The pages on water injection; immiscible gas injection; foam, polymer, and resin injection; miscible processes; steam; and in-situ combustion describe the characteristics and potential for several injection schemes in oil reservoirs. Historically, a field development progressed from primary production to fluid injection, such as water or immiscible gas, and then, in some instances, a second type of fluid injection, such as a miscible injection project, was needed. It is now important to determine the need for injection projects as early as possible to:

  • Minimize depletion times
  • Provide space for necessary equipment
  • Avoid retrofitting facilities
  • Avoid other costly intermediate steps

Wellbore utilization plan

This plan identifies the intermediate and final drainage points in each zone and outlines how each well will be used to deplete each producing zone and reservoir in a field. The plan includes guidelines on when to rework completions to sustain production by avoiding unwanted, excessive gas or water volumes. Where multiple producing zones exist, the plan should describe the zones to be completed in each well and provide guidelines on when to recomplete and the sequence of those recompletions to provide efficient recovery in each zone and minimize overall depletion time of the total resource.

Data acquisition

The depletion plan should include the type of data to be acquired during the development stages of the reservoir and during the early, middle, and final production phases. Such data plans should include:

  • Type and number of open- and cased-hole logs
  • Number, location, and frequency of static and transit pressure tests
  • Number and location of fluid samples
  • Number and location of cores and analyses to be made
  • Type, location, and frequency of production logs
  • Frequency of individual well tests
  • Capture of monthly produced volumes of oil, gas, and water and monthly injected volumes

The pages on petrophysics, production logs, single well chemical tracer testing, interwell tracer tests, and measurement of reservoir pressure contain more information on these data.

Reservoir models

Most depletion plans are based on some type of reservoir model.

Model types

Reservoir models are basic tools for addressing reservoir management questions and issues. In selecting a model, it is normally desirable to select the simplest model that will give reliable results (i.e., selecting a model that will adequately discriminate among alternatives and lead to an optimal decision, although absolute results may not be precise). Several types of models of varying complexity are available that may be adequate for different uses. These models include:

  • Analog
  • Decline curve
  • Analytical (material-balance, Darcy-law, Buckley-Leverett, pressure-transient)
  • Small numerical (well, cross-sectional, pattern-element, 3D-segment)
  • Large-scale, full-field models

See Reservoir simulation for details on building reservoir simulation models.

Reservoir issues

The first step in model selection is to identify the questions to be answered and their relative importance. The following issues must be addressed during this step.

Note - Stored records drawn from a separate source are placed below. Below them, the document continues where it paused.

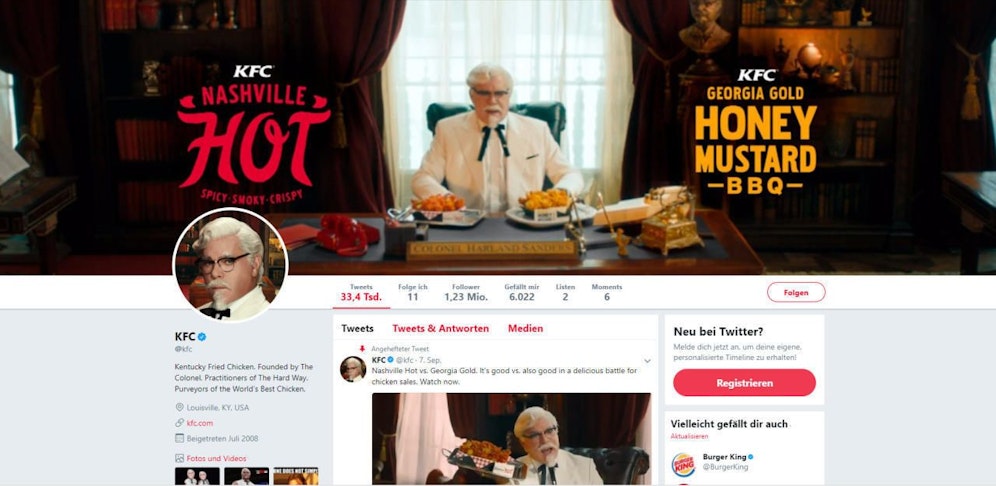 Der Colonel folgt nur ganz bestimmten Personen.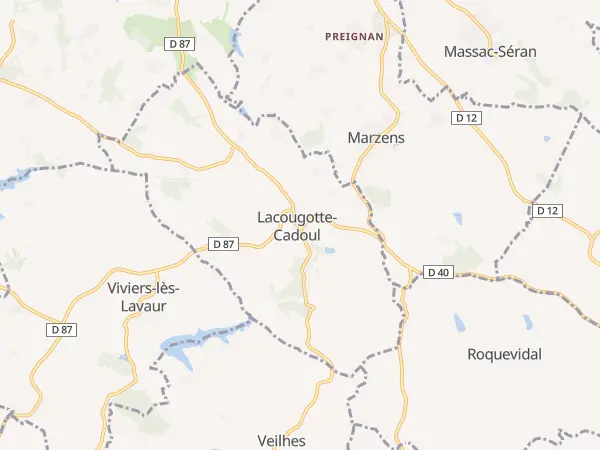 Plan de Lacougotte-Cadoul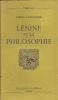Lénine et la philosophie.. Althusser (Louis)
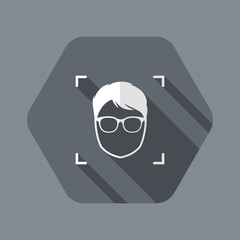 Icon of boy with eyeglasses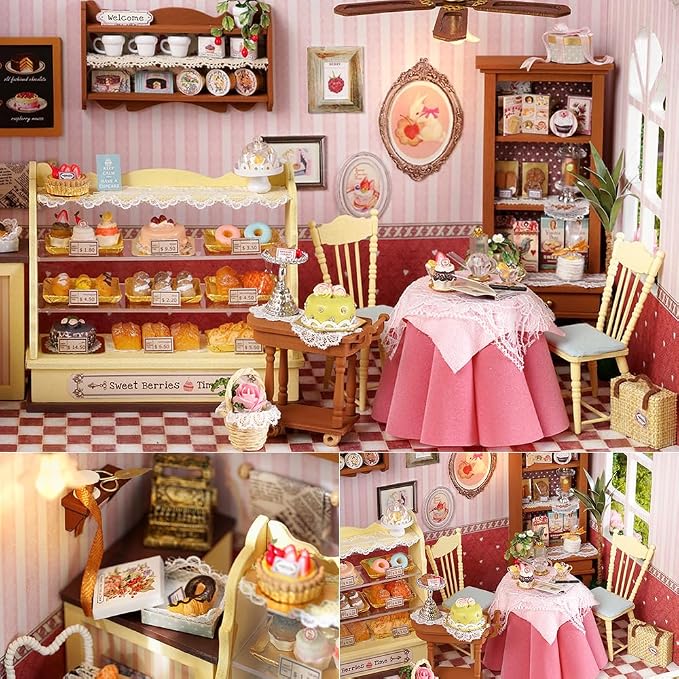 TuKIIE DIY Miniature Dollhouse Kit - Image 5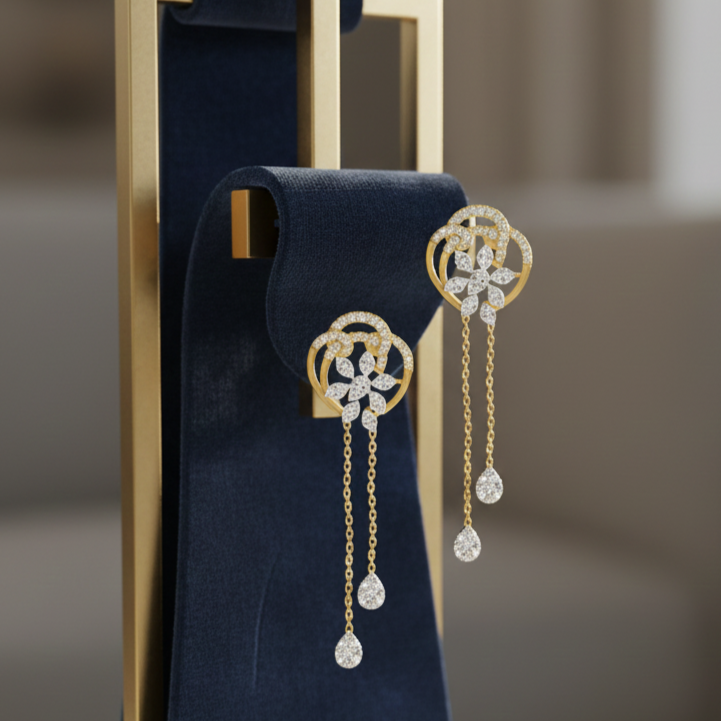 Refined Glow Diamond Drop Earrings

  • Exploration prospect forecast of oil, gas, and water production
  • Annual forecasts of oil, gas, and water production
  • Monthly tanker scheduling and storage requirements
  • Pressure maintenance requirements
  • Evaluation of alternative recovery processes: gas-cap expansion; natural waterdrive; and water, gas, or other fluid injection
  • Operational guidelines for pressure levels, injection volumes and distribution, and individual well and field total production targets
  • Well performance predictions: coning, artificial lift requirements
  • Stimulation evaluation
  • Gas- and water-handling requirements
  • Need for and timing of reservoir depressuring

Model description and data

A second consideration in model selection is deciding which primary forces will dominate reservoir performance. It must be determined whether viscous, gravity, or capillary forces, as reflected in coning, gas overrun, water underrun, or pressure drop, will dominate reservoir and well performance.

Most models require at least some data describing fluid properties and reservoir description and may require multiphase flow (relative permeability and capillary pressure) and well performance [coning correlations, gas/oil ratio (GOR), water/oil ratio (WOR)] functions. Based on experience, certain simplifying assumptions may be acceptable. For example, if the reservoir description is dominated by a fining or coarsening upward depositional sequence, this may be more important than capturing the areal variation in reservoir description.

Case design

Careful thought should be given to identifying cases to be run with the model to avoid running all combinations of the variables being studied, a number that can run in the several thousands for even modest-sized resources. In some cases, this may involve starting with a simple model to test the importance of some variables. For example, before building a full-field model, it can be helpful to build well, cross-sectional, 3D-segment, or pattern-element models.

Small models

Coarse-grid 2D or 3D simulation models are useful for making a distributed volumetric balance in cases in which reservoir fluid migration and/or significant pressure gradients are issues. 3D models are useful for doing a multizone volumetric balance in which there is fluid migration between zones through commingled wellbores, along fault planes, or across fault planes by sand-on-sand contact. Also, these models are useful for regional aquifer modeling in which aquifers are:

  • Irregular in shape
  • Heterogeneous
  • Subject to pressure interference between fields

Large models

Large simulation models with more than 100,000 gridblocks are now constructed for many medium and large fields. The models usually are based on a detailed geologic model that may contain one million or more gridblocks. Methodologies are now in place to convert these geologic models into a more manageable reservoir model while retaining a good representation of the variation in reservoir characteristics.

Implement and operate

Implementation plan

This plan is developed with input from several engineering disciplines.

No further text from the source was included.